I have heard good things about *Avid BB-7 Road *disc brakes: BB7 Road

or wait for the new *Shimano CX75 *disc brakes: http://www.cxmagazine.com/nahbs-201...chanical-disc-brake-cyclocross-gearing-wheels

I finally found an XL Lemond Poprad frame and it happens to be disc only, so I plan to embrace it and build a not too expensive "B" pit bike that will double as a off-season road training bike.


----------



## davidka (Dec 12, 2001)

The Avids are available in road pull versions. BB5r and BB7r. They are the gold standard of mechanical disc brakes today.


----------



## 4Crawler (Jul 13, 2011)

If those are road levers, then you'll need to use the BB7-road calipers, not the mtn. version. Those need more cable pull like MTB brake levers have. I used the BB7-road calipers on my CX bike and they work very well with some Tektro road brake levers.


----------



## Zen Cyclery (Mar 10, 2009)

I think the BB7s are going to be your best bet. Their pretty easy during initial setup. Additionally adjustment is relatively easy and not quite as finicky as other options.


----------



## 88 rex (Mar 18, 2008)

Zen Cyclery said:


> I think the BB7s are going to be your best bet. Their pretty easy during initial setup. Additionally adjustment is relatively easy and not quite as finicky as other options.

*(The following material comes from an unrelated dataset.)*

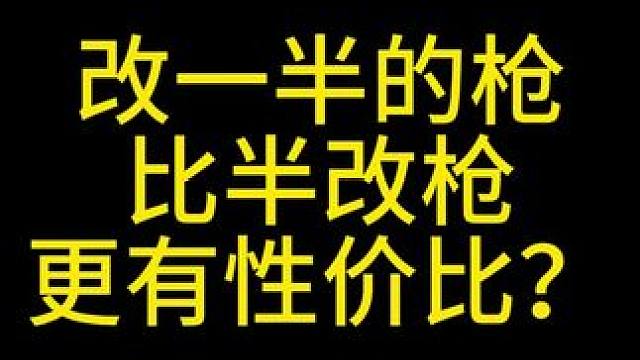 改一半的枪，比半改枪更有性价比 #三角洲行动 #整活 #小宝宝改枪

Yep, and it's also nice if you are constantly swapping out wheels because you may need to make an adjustment from wheel to wheel.


----------



## Erik_A (Sep 14, 2008)

Thanks guys I will look at the BB7r option.


----------



## Erik_A (Sep 14, 2008)

Thanks - I will check it out: V-Twin - Hope V-Twin Product Details

What is the best hydraulic disc brake (MTB) that I could convert with the Hope V-Twin? I have a pair of old Hayes hydros in the parts bin.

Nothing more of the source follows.